→ **Task description**
Without including any images, output the listing below exactly.

→ **Dataset extract**
[Start of section]

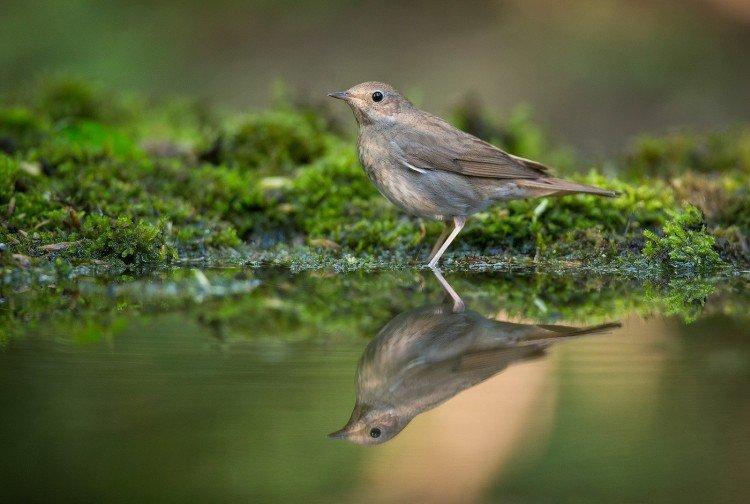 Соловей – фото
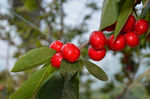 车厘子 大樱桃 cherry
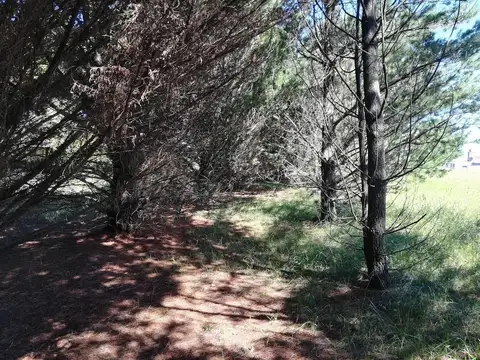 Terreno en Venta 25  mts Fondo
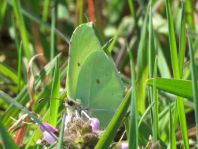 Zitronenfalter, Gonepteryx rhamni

[End of section]

→ **Reply**
 Соловей – фото
 车厘子 大樱桃 cherry
 Terreno en Venta 25  mts Fondo
 Zitronenfalter, Gonepteryx rhamni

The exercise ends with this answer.